* The data *
☆ ☆ ☆ ☆
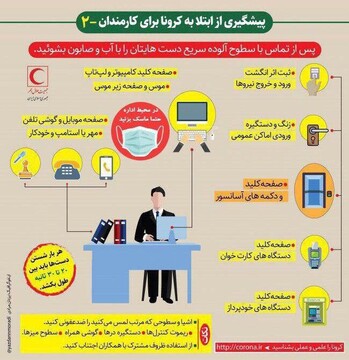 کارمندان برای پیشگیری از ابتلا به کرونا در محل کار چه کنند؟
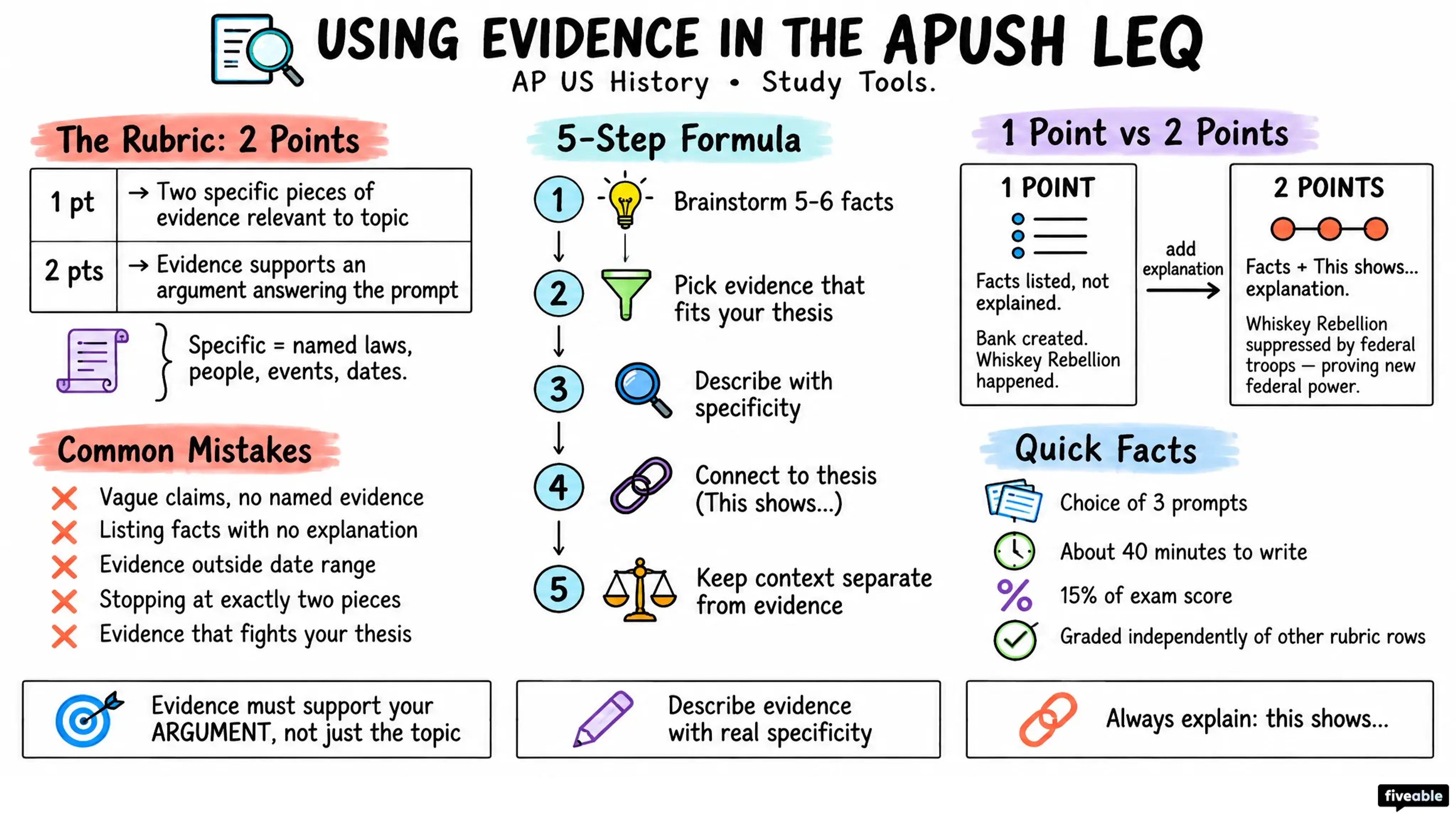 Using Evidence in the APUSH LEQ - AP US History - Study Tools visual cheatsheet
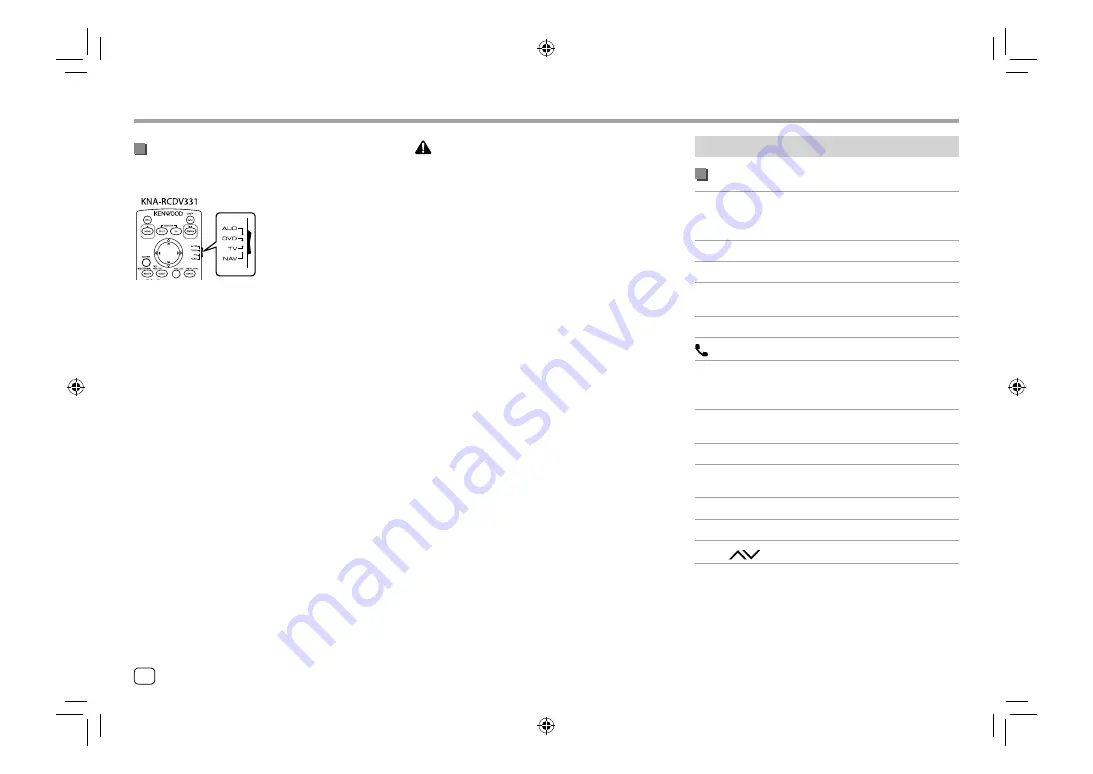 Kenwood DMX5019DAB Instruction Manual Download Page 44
☆ ☆ ☆ ☆
* Action item *
Output the listing exactly. Leave out any image.

* Problem solution *
 کارمندان برای پیشگیری از ابتلا به کرونا در محل کار چه کنند؟
 Using Evidence in the APUSH LEQ - AP US History - Study Tools visual cheatsheet
 Kenwood DMX5019DAB Instruction Manual Download Page 44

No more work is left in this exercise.